━━ Data provided ━━

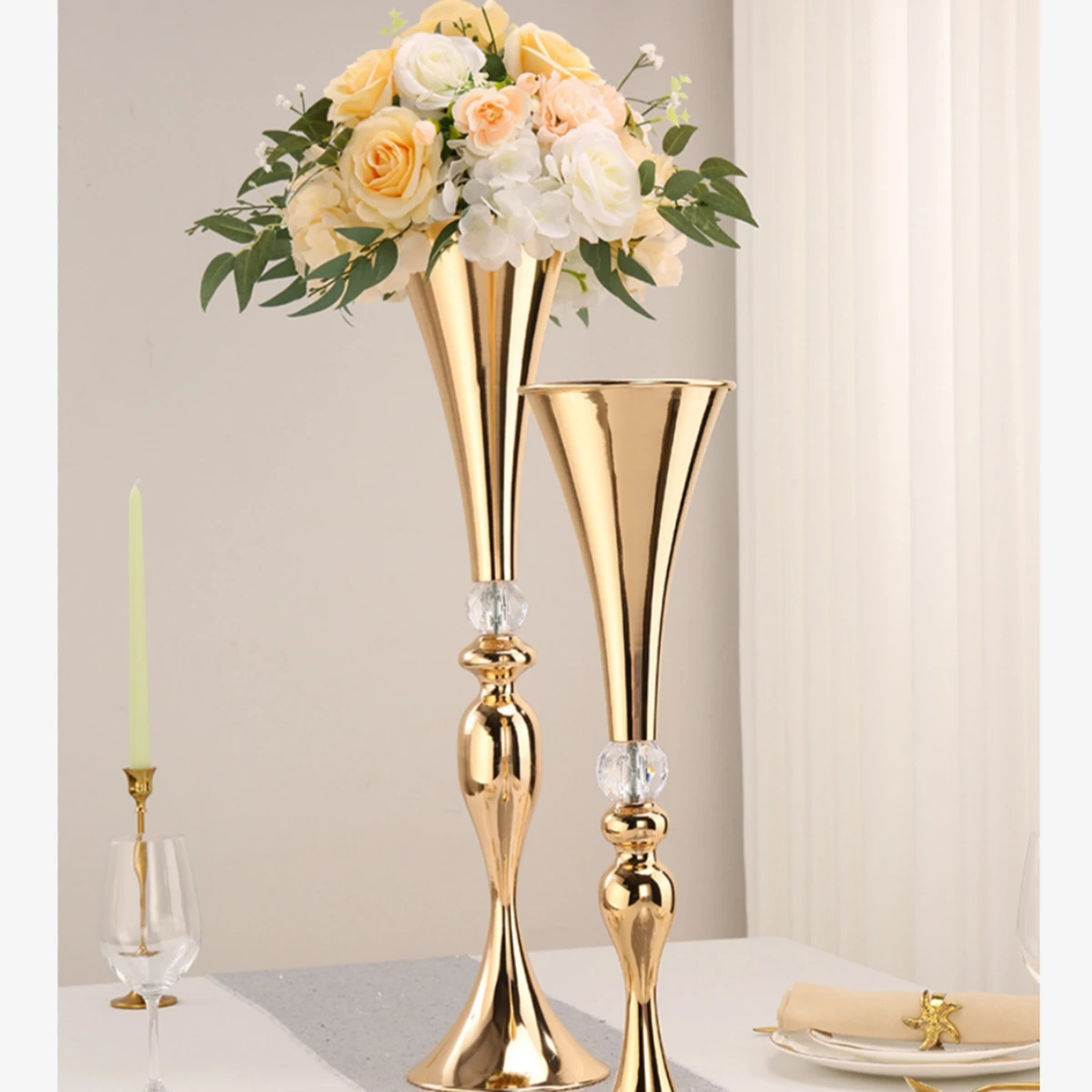 

Decoration table centerpiece decorations gold trumpet metal vases for wedding Candle Holder for Party Table Centerpieces AG002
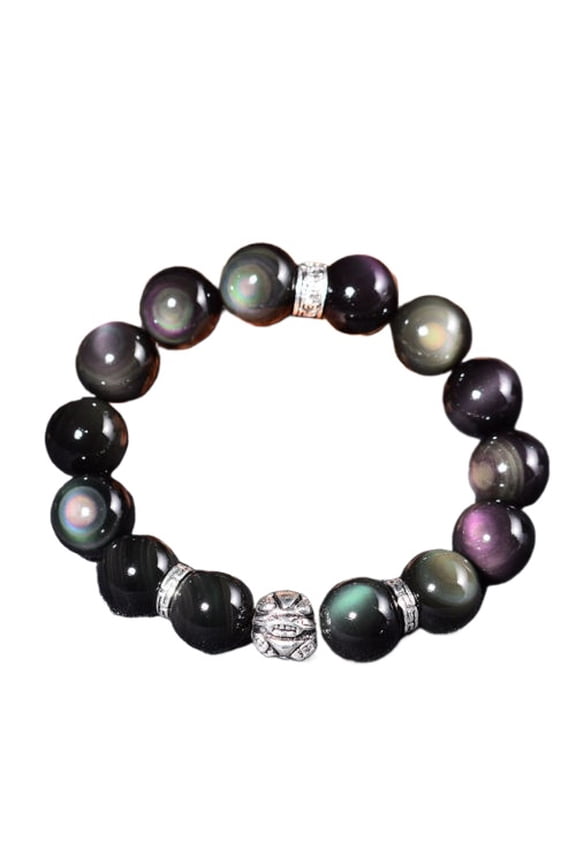 Natural Double Rainbow Eye Obsidian Chinese Dragon Pixiu Beads Bracelet 10mm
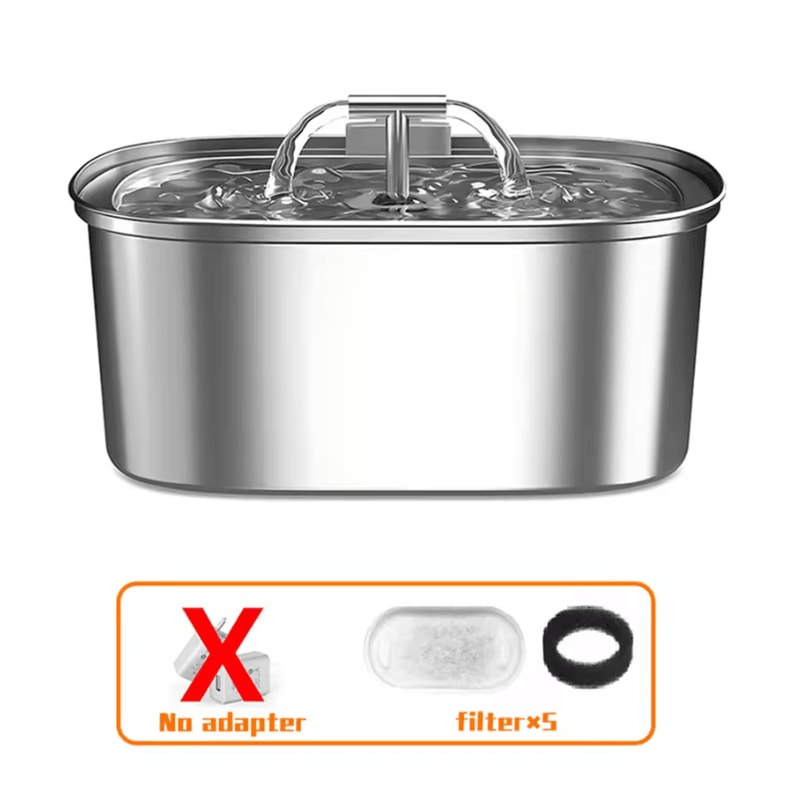 AquaFlow Stainless Steel Pet Water Fountain 5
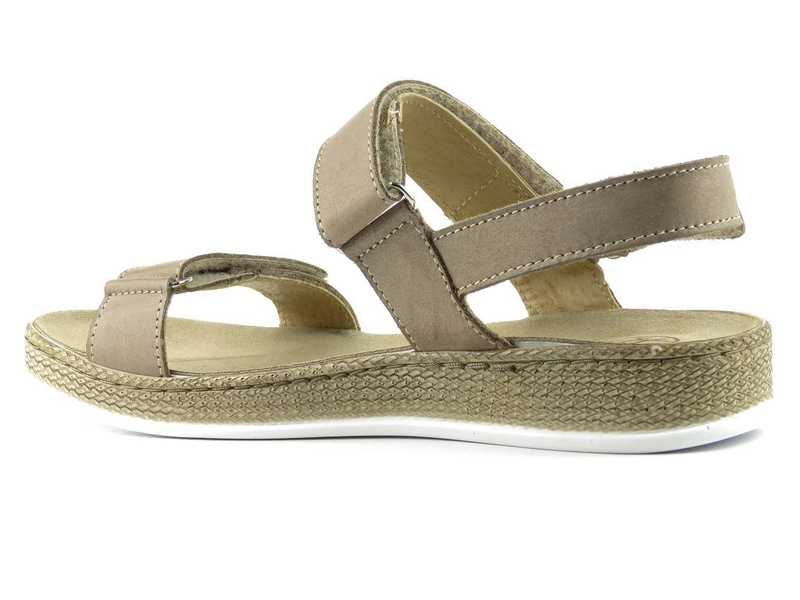 Měkké, lehké dámské sandály z kůže HELIOS Komfort 245, béžová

━━━

Restate, word for word, all of the material above, leaving out the images.

Solution for this task>
Decoration table centerpiece decorations gold trumpet metal vases for wedding Candle Holder for Party Table Centerpieces AG002
 Natural Double Rainbow Eye Obsidian Chinese Dragon Pixiu Beads Bracelet 10mm
 AquaFlow Stainless Steel Pet Water Fountain 5
 Měkké, lehké dámské sandály z kůže HELIOS Komfort 245, béžová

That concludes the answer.